Winston Leonard Spencer Churchill, the British leader who guided Great Britain and the Allies through the crisis of World War II, is born at Blenheim Palace in Oxfordshire, England.
Churchill came from a prestigious family with a long history of military service and joined the British Fourth Hussars upon his father’s death in 1895. During the next five years, he enjoyed an illustrious military career, serving in India, the Sudan, and South Africa, and distinguishing himself several times in battle. In 1899, he resigned his commission to concentrate on his literary and political career and in 1900 was elected to Parliament as a Conservative MP from Oldham. In 1904, he joined the Liberals, serving in a number of important posts before being appointed Britain’s First Lord of the Admiralty in 1911, where he worked to bring the British navy to a readiness for the war he foresaw.

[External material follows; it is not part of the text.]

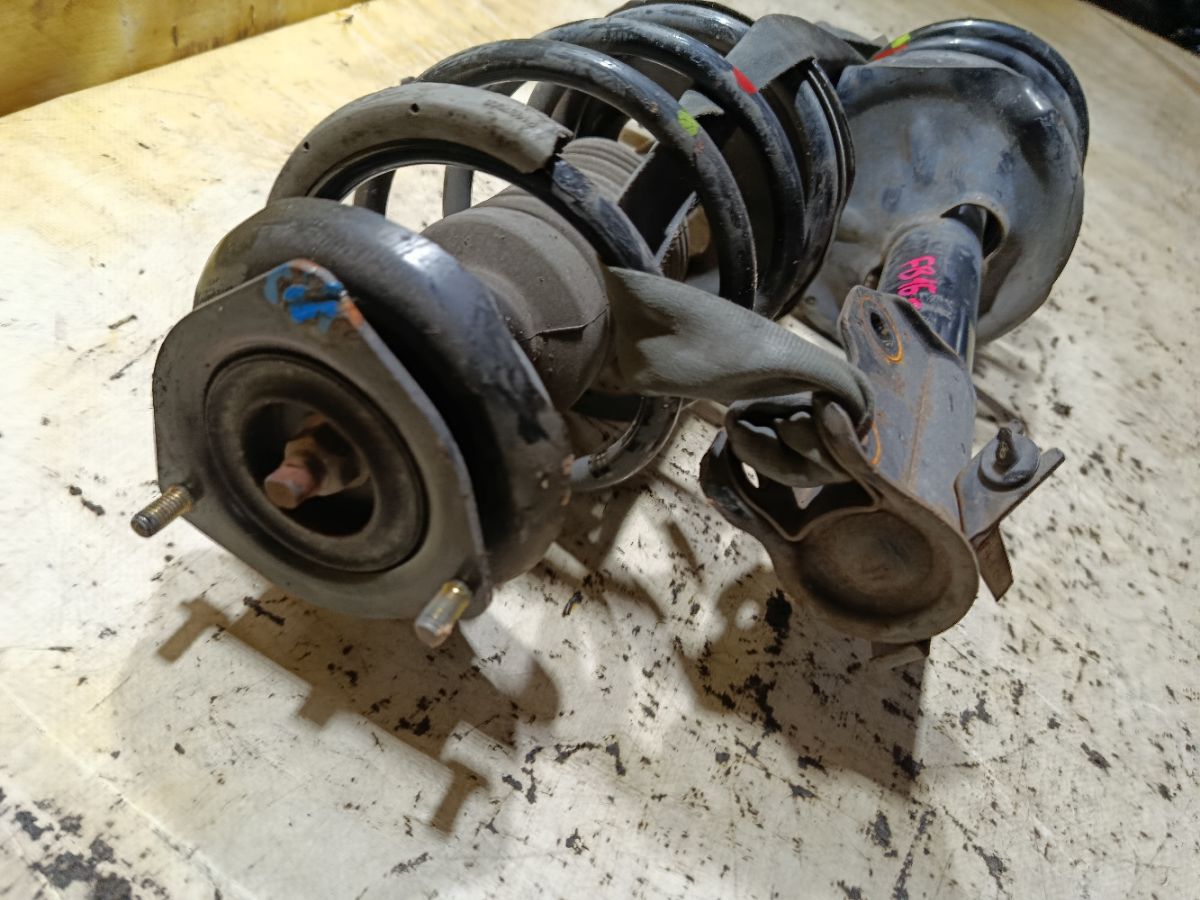 Стойка амортизатора на Nissan Sunny FB15 QG15DE Фото 5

In 1915, in the second year of World War I, Churchill was held responsible for the disastrous Dardanelles and Gallipoli campaigns, and he was excluded from the war coalition government. He resigned and volunteered to command an infantry battalion in France. However, in 1917, he returned to politics as a cabinet member in the Liberal government of Lloyd George. From 1919 to 1921, he was secretary of state for war and in 1924 returned to the Conservative Party, where two years later he played a leading role in the defeat of the General Strike of 1926. Out of office from 1929 to 1939, Churchill issued unheeded warnings of the threat of German and Japanese aggression.